What exactly do your ministerial duties entail?
Well, I christened a baby two Sundays ago. And that’s having the mother and the dad, and the progenitor of the dad to give the baby back to the dad, and the dad has to give the baby back to his son, then the son has to give the baby back to the mother, and the mother gives it to the pastor! And then I anoint the baby and hold it up and present it to the Lord. And, you know, sometimes the mother has a tear and it’s so beautiful. The baby had a little halo around her little head and she was just so beautiful. And everybody stood up and clapped. It was nice.
You’re a reverend; are people ever put off by you doing christenings because of your sexy reputation?
It’s reversed! I have people hunting me down to get me to do it. Yeah, like, “Marry me!” There’s a thousand judges and a thousand ministers that could marry you. I am like, “Oh, get somebody else to do it.” [One couple] said, “We came all the way from Tokyo because we want you to do it!” I mean, man. But I did it. I married them. They were Japanese and bowing and shaking my hand with two hands and saying, “Thank you, Reverend,” and he kisses the bride. Aw, please, don’t give me all the mushy stuff. [Laughs]

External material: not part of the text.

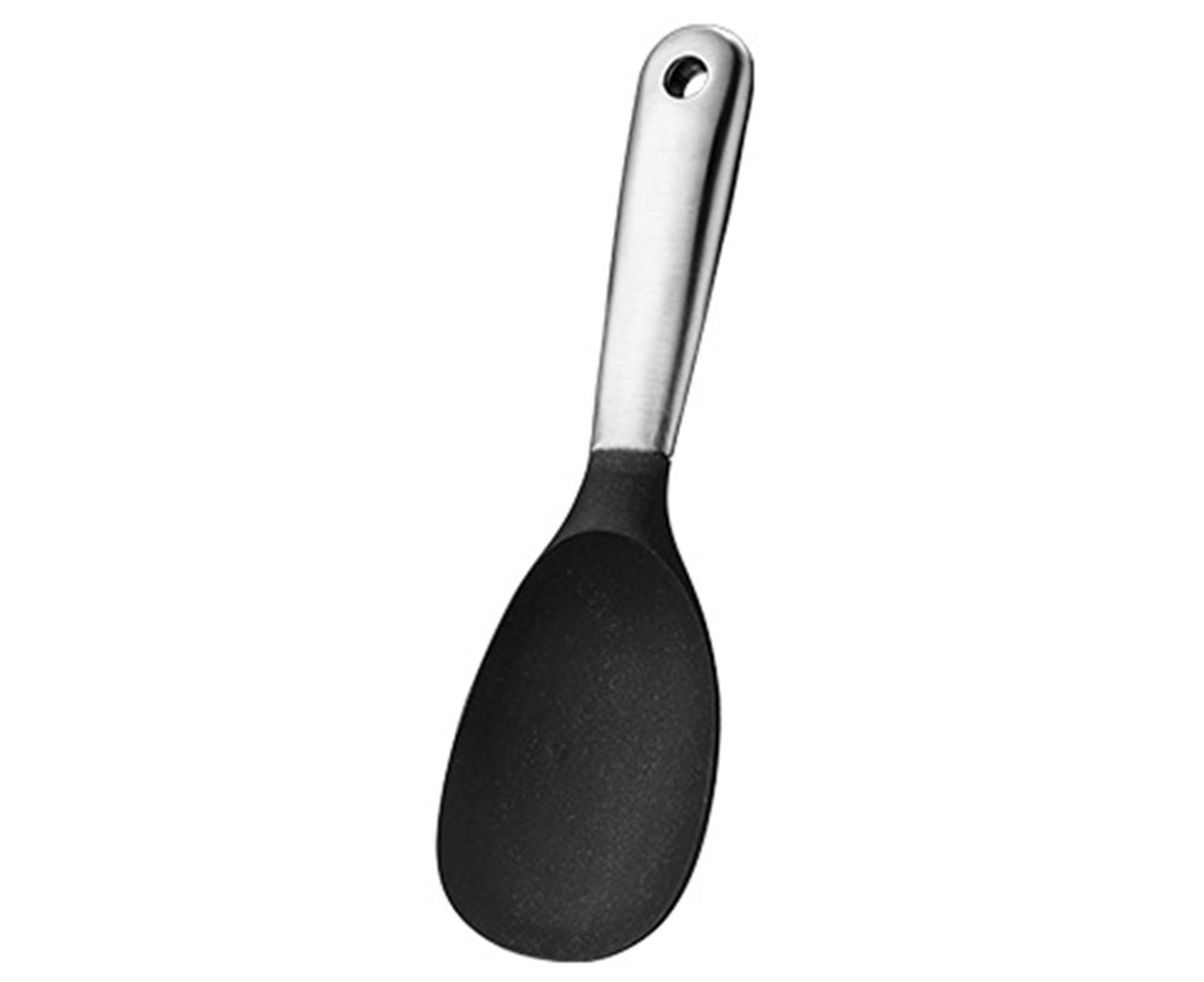 Rice Spoon Portable Stainless Steel Anti-slip Scoop-Home-Black - Image 1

Do you feel responsible for millions of unplanned pregnancies because your music is so sexy?
Do you know, the radio jock just asked me that. He said, “I think there’s a lot of kids that came along during the time of your music,” and I’m going, “Okay, well don’t tell me no more.” [Laughs] I mean, a little romance there and a little “Simply Beautiful,” and [Sings] let’s stay togetheerrr…whether times are good or bad… Come on, man, the fire, the white wine, of course! He said, “So you admit it!” I said, “Of course I do.” I mean, I’m guilty.
You’re talking about the old records there. But “Lay It Down” [from Green’s latest album] is pretty lethal too…

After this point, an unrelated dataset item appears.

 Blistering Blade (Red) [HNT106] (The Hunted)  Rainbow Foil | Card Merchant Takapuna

I guarantee you, but what do you think lay it down means? I wrote it because of the long tour duration and, like, in January going to Australia and New Zealand and then back to L.A. It’s kinda like unbelievable because we never thought we would ever do any of this stuff. We just were singing because we enjoyed the entertainment part of it, we didn’t actually know that it involved all this other touring and all this stuff. People have been so faithful to us over the years, honey, until we can’t say no to them and Australia was saying, “Al, you’ve never been to Australia and it’s time for you to come.”
Do you get romantic items thrown at you onstage?Oh, man. Some of these other girls are throwing these little Victoria’s Secret–type… [Laughs] Some of these guys in the band are going, “Right on, right on.” And I’m going, “These are panties.” In Salt Lake City some girl jumped on the stage—and I think it was just like, I’ve been loving you for so long and I have to make a bold statement and make it fast, so... I mean, that girl was strong. I couldn’t get her off and the other two police officers, they couldn’t get her off, so it had to be two more guys coming out on the stage. We finally pried her loose, but she kept hollering in my ear, “You don’t understand, I’ve been loving you ever since I was a kid”—and she was trying to talk and the police pulling on her and the band is playing. I can’t understand what she’s saying!
Wow. I love how you take it in your stride, though. Did the romantic gestures stop when you became a reverend?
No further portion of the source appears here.